COLLECTED DATA:
=== Begin Enclosure ===

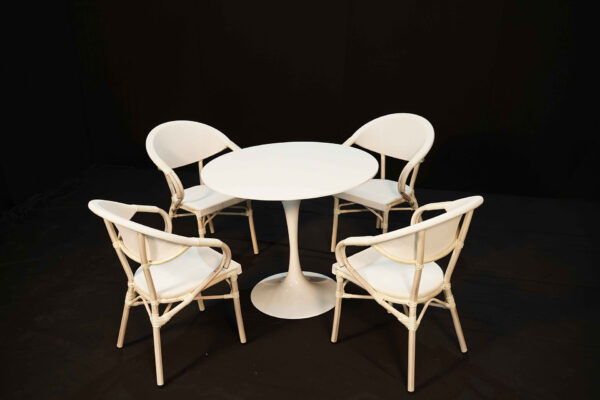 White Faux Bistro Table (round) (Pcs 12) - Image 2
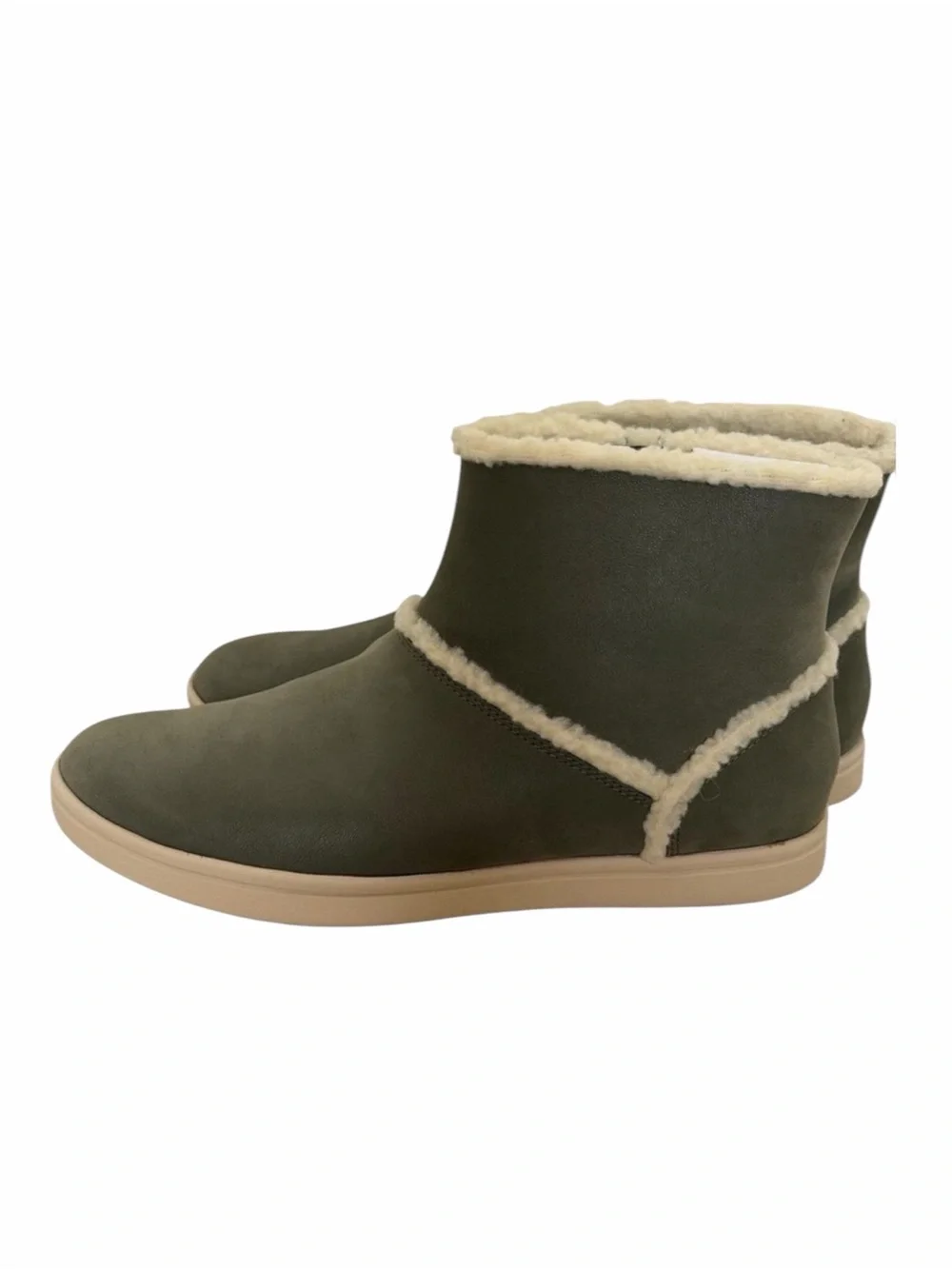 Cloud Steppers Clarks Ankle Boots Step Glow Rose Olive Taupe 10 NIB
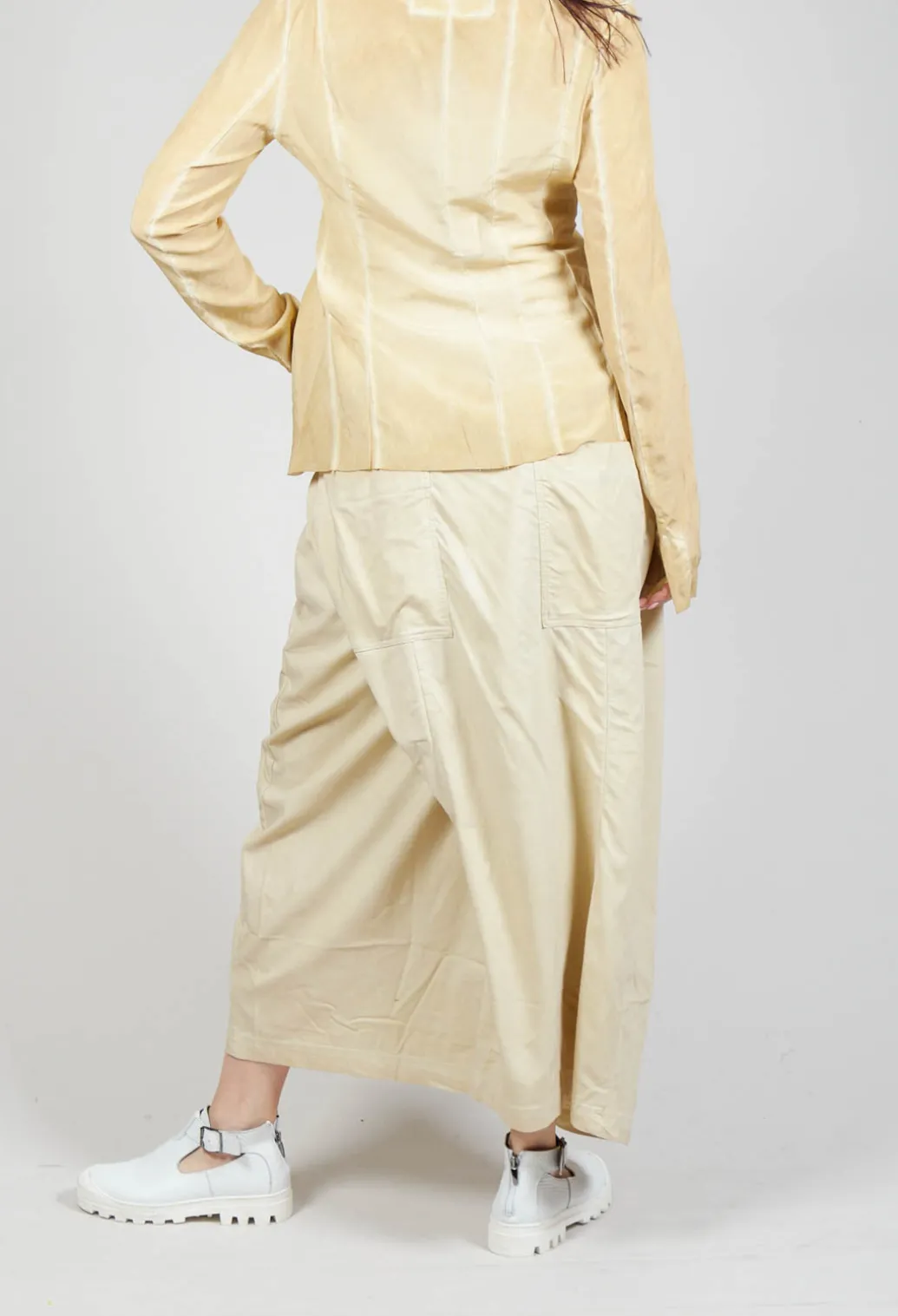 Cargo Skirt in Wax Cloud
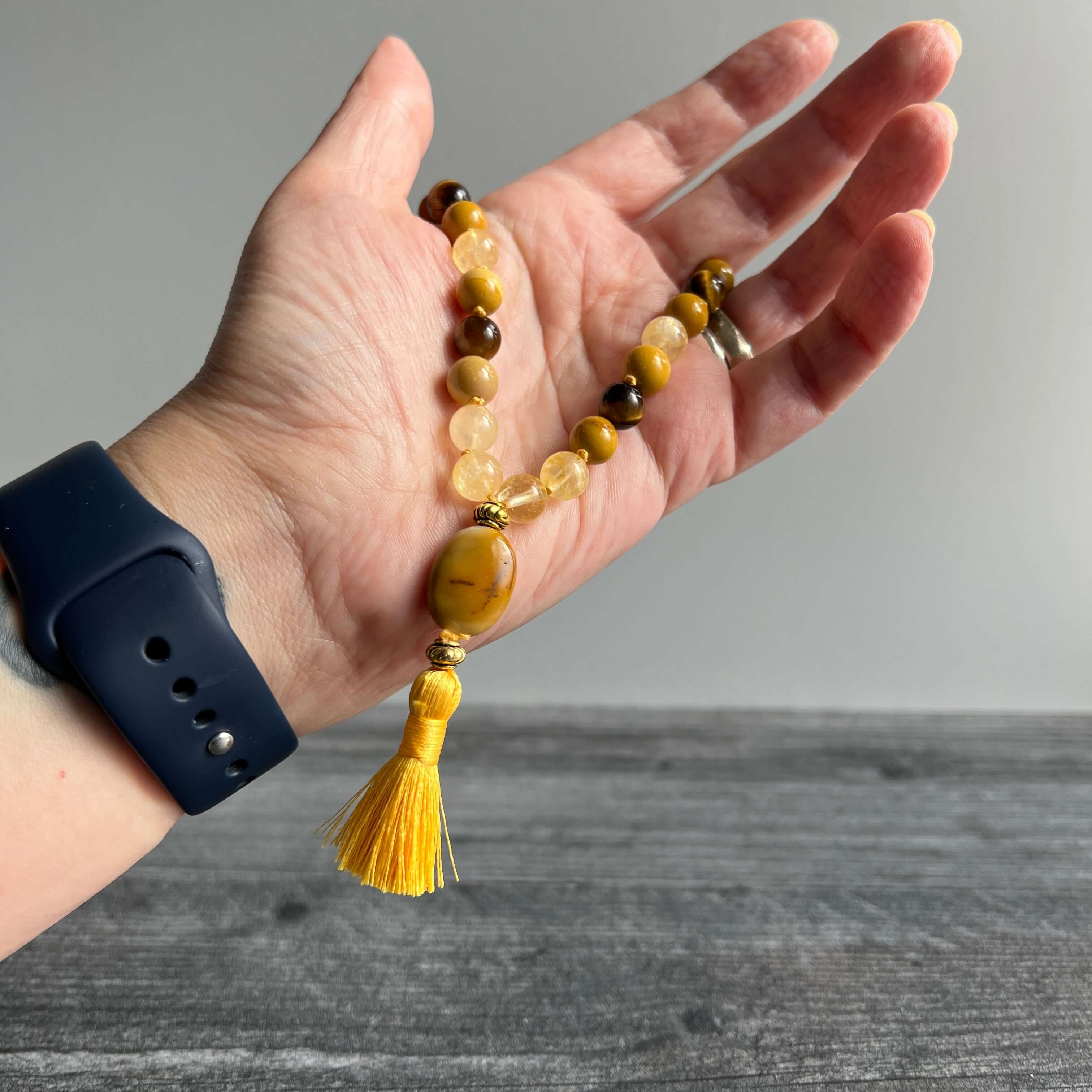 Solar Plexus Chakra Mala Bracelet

=== End Enclosure ===

WHAT IS REQUIRED: Every line of the material must be returned exactly; leave the images out.

WRITTEN RESPONSE:
 White Faux Bistro Table (round) (Pcs 12) - Image 2
 Cloud Steppers Clarks Ankle Boots Step Glow Rose Olive Taupe 10 NIB
 Cargo Skirt in Wax Cloud
 Solar Plexus Chakra Mala Bracelet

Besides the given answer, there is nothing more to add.